Un Moteur Thermique Bilames a Construire




Cette augmentation, pour faible qu'elle soit, n'est nullement négligeable : une barre de fer de 1 m allonge de 1,2 mm entre le gel (0 °C) et l'eau bouillante (100 °C).



On doit tenir compte de cette dilatation dans tous les assemblages mécaniques, et ce d'autant plus que les métaux et leurs alliages présentent des coefficients de dilatation qui peuvent varier dans la proportion de 1 à 25 ; du coup, un ajustage un peu serré entre pièces faites de métaux différents peut être bon à 20 °C et complètement bloqué (ou complètement lâche) à 100 °C.

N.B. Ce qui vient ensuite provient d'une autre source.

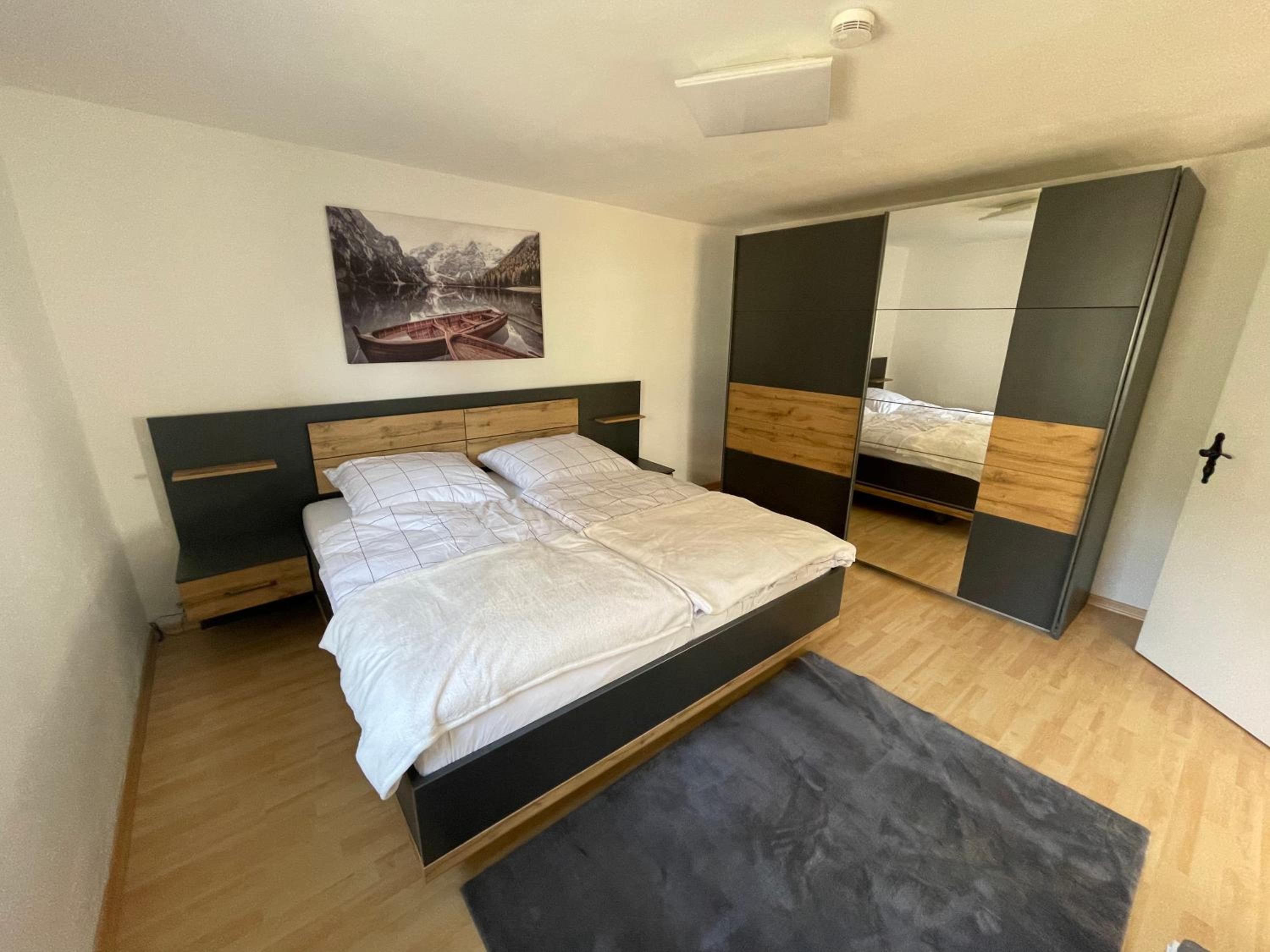 Two-Bedroom Apartment - Photo 16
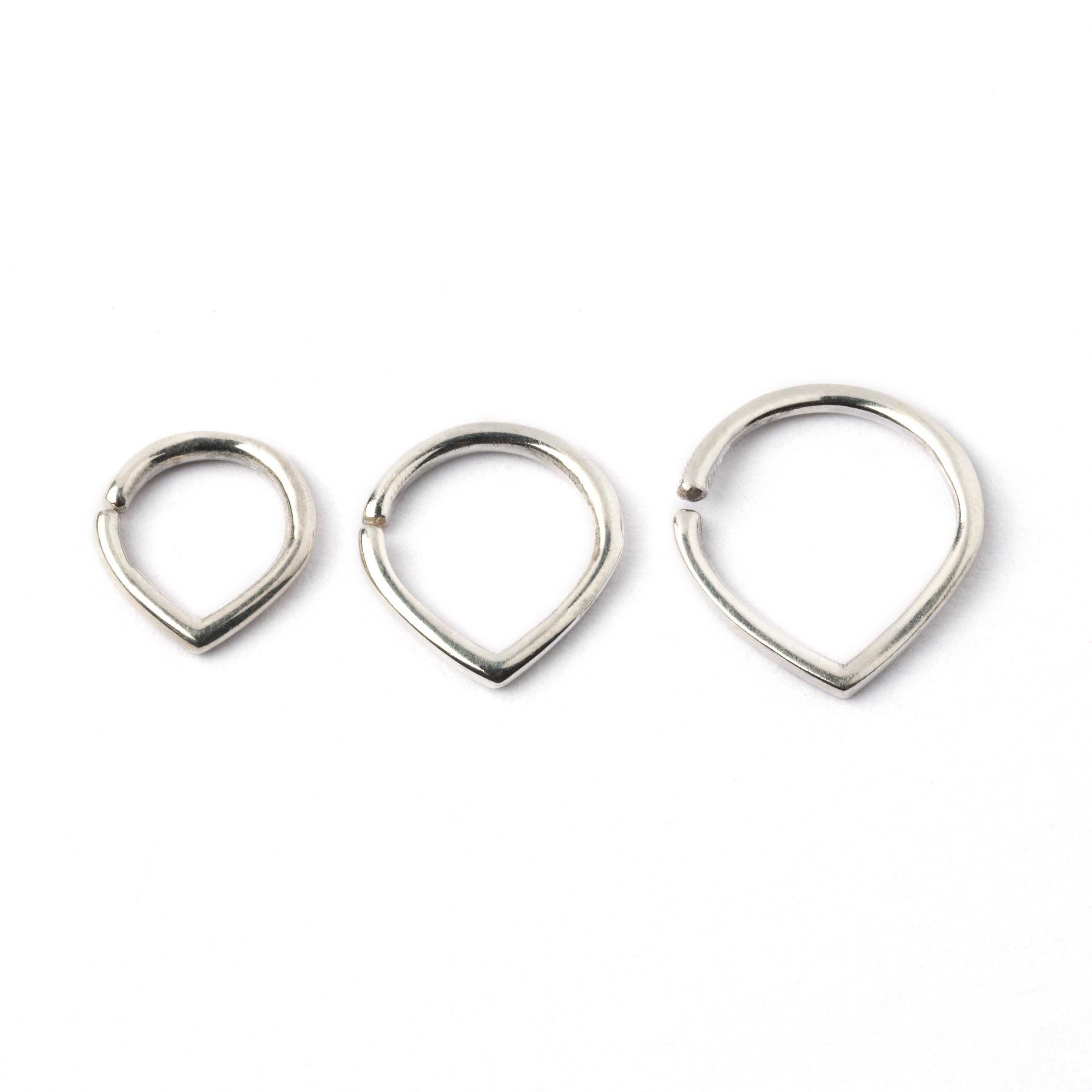 6mm, 8mm, 10mm Silver teardrop septum rings frontal view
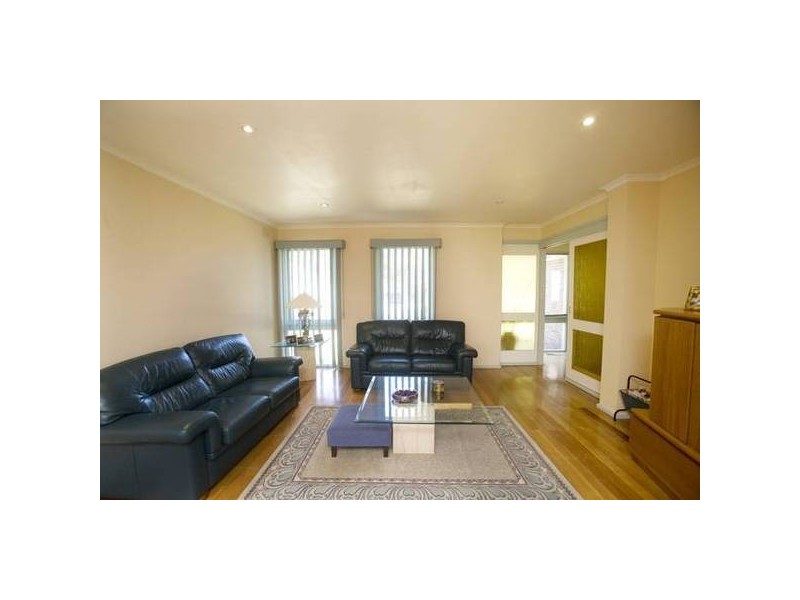 9 Ascot Court, Dandenong North VIC 3175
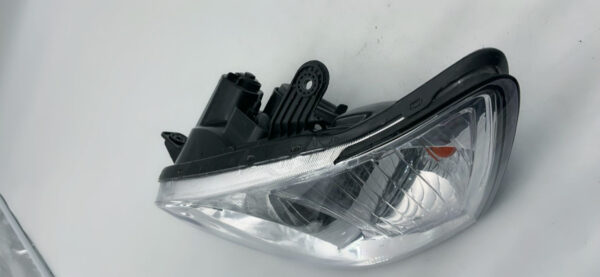 Hyundai GETZ 2010 L.H.S HEADLIGHT ASSEMBLY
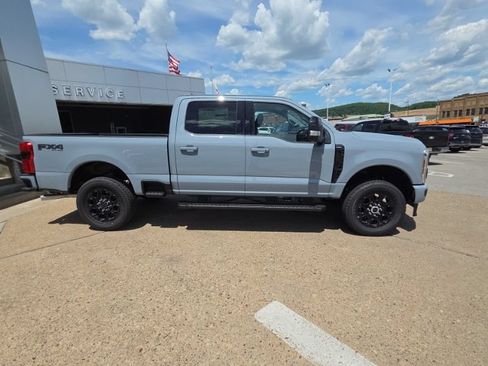New 2026 Ford F250 Lariat w/ Black Appearance Package AWD/4WD image 8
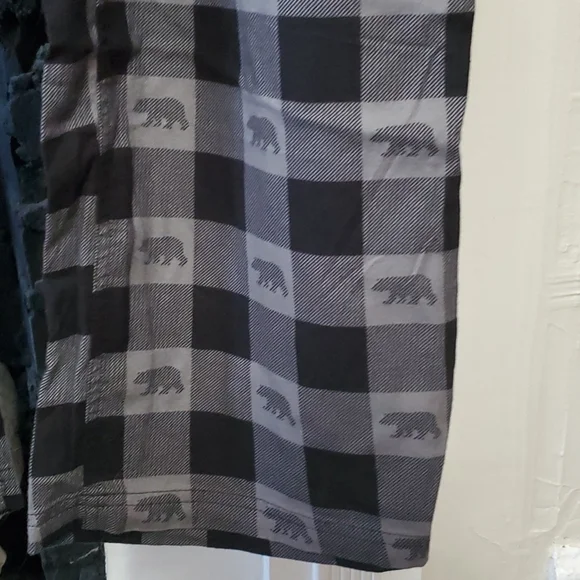 Eddie Bauer bear pajama pants - Picture 3 of 7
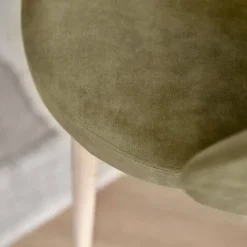 Neo Mobitec ® Fauteuil cosy confortable en tissu et pieds bois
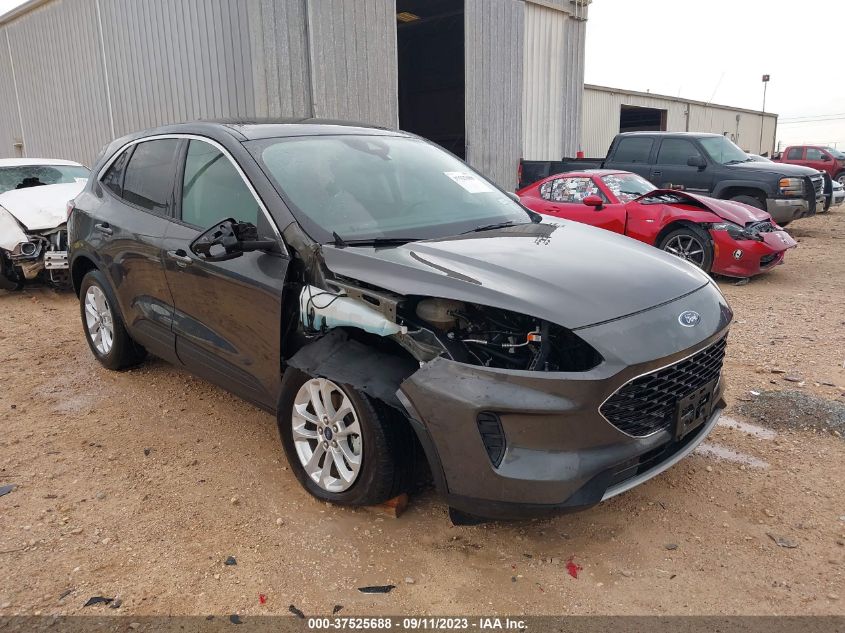 2020 FORD ESCAPE SE - 1FMCU0G61LUC23765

Pour la même raison, il est peu raisonnable de parler de pièces usinées au millième de mm, sauf en mécanique de haute précision, quand on sait qu'un axe dont le diamètre à 0 °C est de 20 mm(à 0,001 mm près) passe à 20,024 mm à 100 °C. Ces 0,024 mm d'augmentation du diamètre, soit environ 1/40 de mm sont mesurables avec le premier pied à coulisse au 1/50.



Tout bouge sans cesse avec les fluctuations de la température, et les ingénieurs qui ont à dessiner des montages métalliques - qu'il s'agisse d'une montre ou d'une locomotive - tiennent très précisément compte de ces variations thermiques.



Quand le montage est constitué d'un même alliage, les choses restent simples car tout l'ensemble gonfle où se rétrécit en proportion mais elles se compliquent si l'assemblage emploie des métaux différents.



Les coefficients de dilatation en longueur sont en effet fort différents d'une substance à une autre ; la formule classique donnant la longueur l d'une barre solide à la température t à partir de sa longueur lo à 0 °C s'écrit l = lo (l + bêta t). Ce coefficient bêta (10 puissance -6/degré) vaut par exemple 12 pour le fer - d'où l'allongement de 1,2 mm d'une tige de 1 m entre 0 °C et 100 °C. Il vaut 24 pour l'aluminium, 17 pour le cuivre, 9 pour le platine ou le verre, et seulement 1 pour l'alliage fer-nickel 64/36.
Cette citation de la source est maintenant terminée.